Every site has a primary internet provider as well as a cellular modem for fail over. (not load balanced)
We recently had to disable the VPN status alerts because any minor fluctuation in either the primary or the cellular would trigger an alert email, we would get thousands everyday, meanwhile no meaningful disruption to the VPN.
Our current challenge is the "Uplink Status Change" Same thing here, seems to be mostly noise. Switched to Internet2 and back to Internet1 within moments(usually 1 - 15 mins). Again customer doesn't notice any meaningful disruption. And this creates noise for the techs and we miss when things go down and don't come back.
Recently we discovered a couple sites running on cellular for 30+ days (The failed WAN also disappears completely from the dashboard after some time, but this is a different issue)
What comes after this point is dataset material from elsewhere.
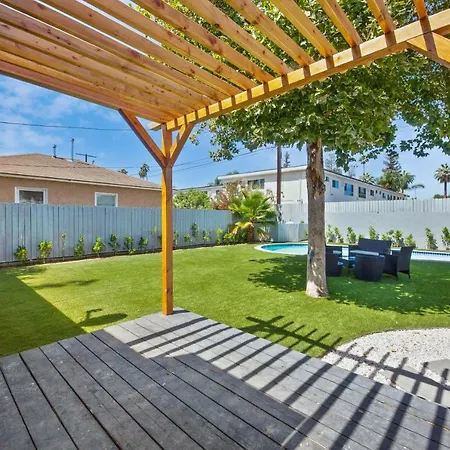 An Amazing Full House With A Pool-3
And finally the client monitoring alerts, The MX doesn't seem to actively monitor the client devices, instead only puts it "Online" if it has sent a packet to the MX recently.This is not particularly useful for devices that primarily communicate on the LAN (AP's, Switches etc...) as they just show as "Offline" all the time.
Also if the client legitimately reboots a machine, we get the alert immediately, and another when it comes up. This is creating noise and causes us to miss issues when a machine goes down and doesn't come back.
This is frustrating for our clients as we miss issues we are supposed to be managing, and is frustrating for our techs as they may be required to follow up on meaningless alerts, often after hours costing us OT $
Ideally we would have some sort of threshold. E.g. if we are on WAN2 for 30+ mins, Then notify a technician If a device goes offline 30+ mins, Notify a tech etc.... Similar to the threshold for the "MX Offline" notification
Does anyone have any tips on this ? Besides scrapping the Meraki monitoring all together and investing in an enterprise monitoring system.